WHAT NEEDS TO BE DONE |
Print every line from the start of the data, and when you reach the line with "exterior space with", include it and stop. Pictures are not part of the copy.

Collected data
•••••
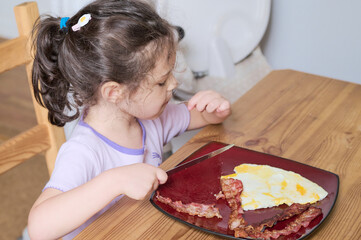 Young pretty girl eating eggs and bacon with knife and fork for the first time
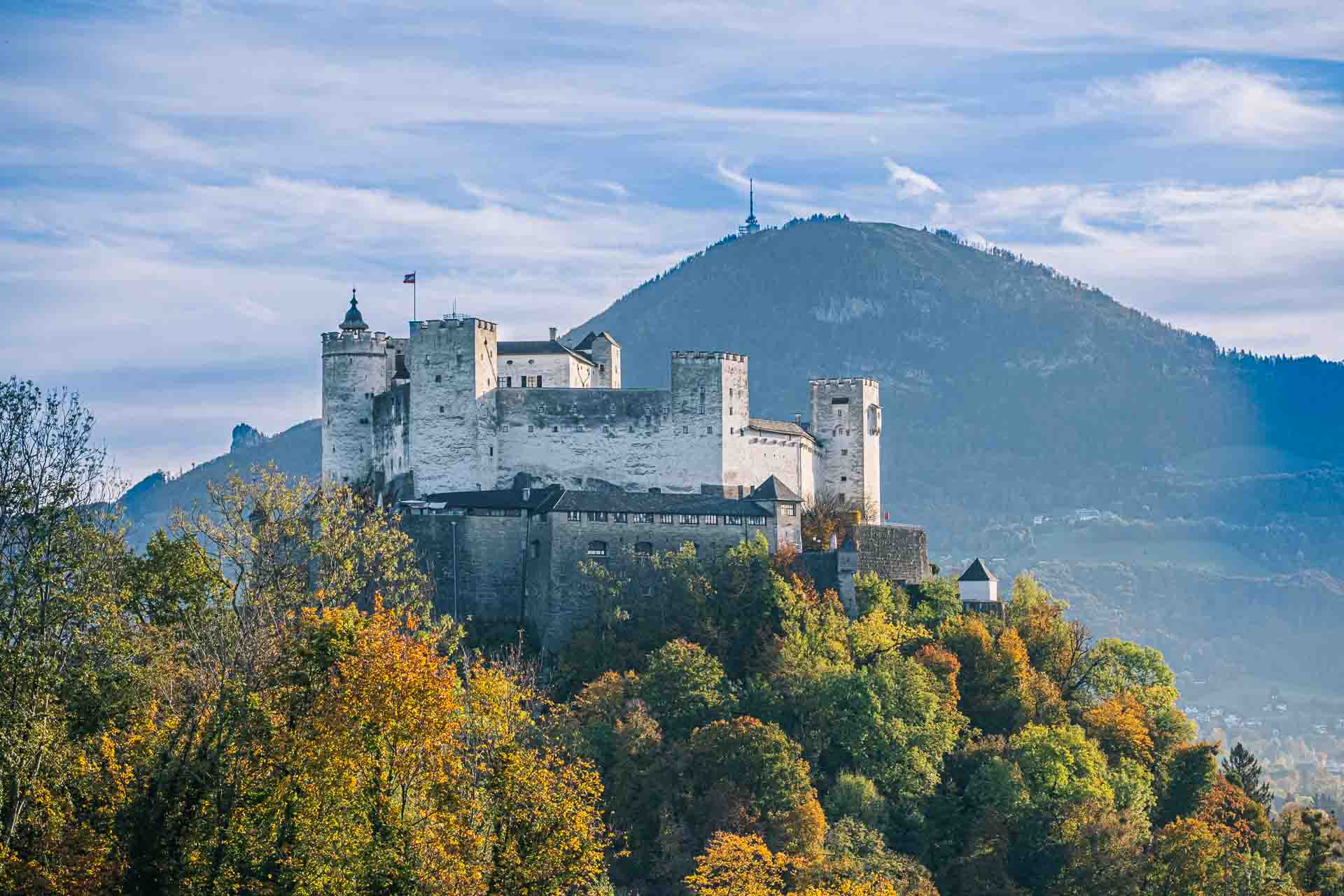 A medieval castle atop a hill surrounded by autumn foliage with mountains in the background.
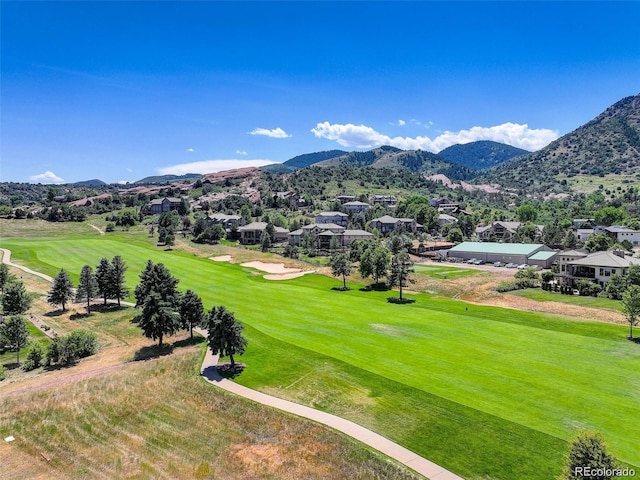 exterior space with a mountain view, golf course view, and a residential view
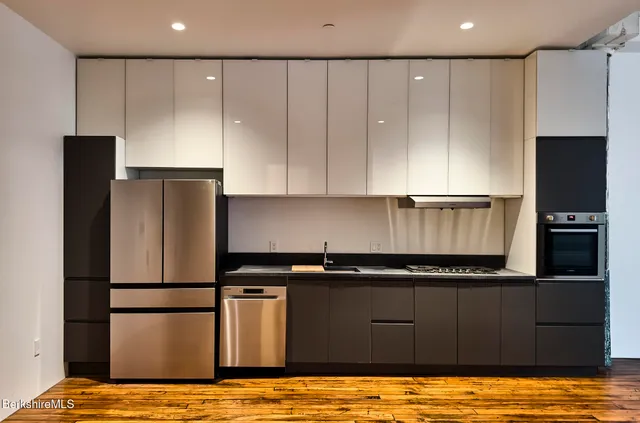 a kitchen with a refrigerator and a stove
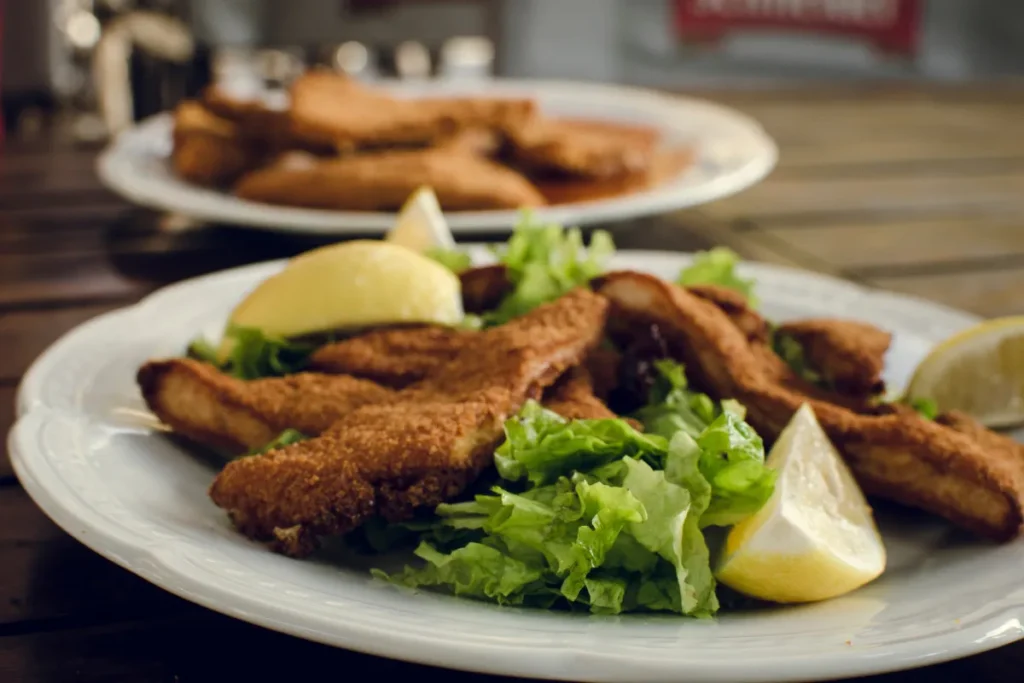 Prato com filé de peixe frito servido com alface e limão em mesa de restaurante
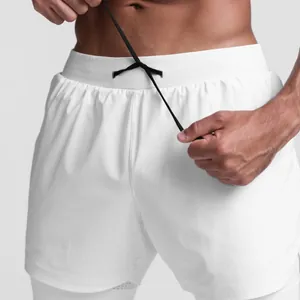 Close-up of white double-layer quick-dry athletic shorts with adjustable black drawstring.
•••••
TASK RESPONSE |
 Young pretty girl eating eggs and bacon with knife and fork for the first time
 A medieval castle atop a hill surrounded by autumn foliage with mountains in the background.
 exterior space with a mountain view, golf course view, and a residential view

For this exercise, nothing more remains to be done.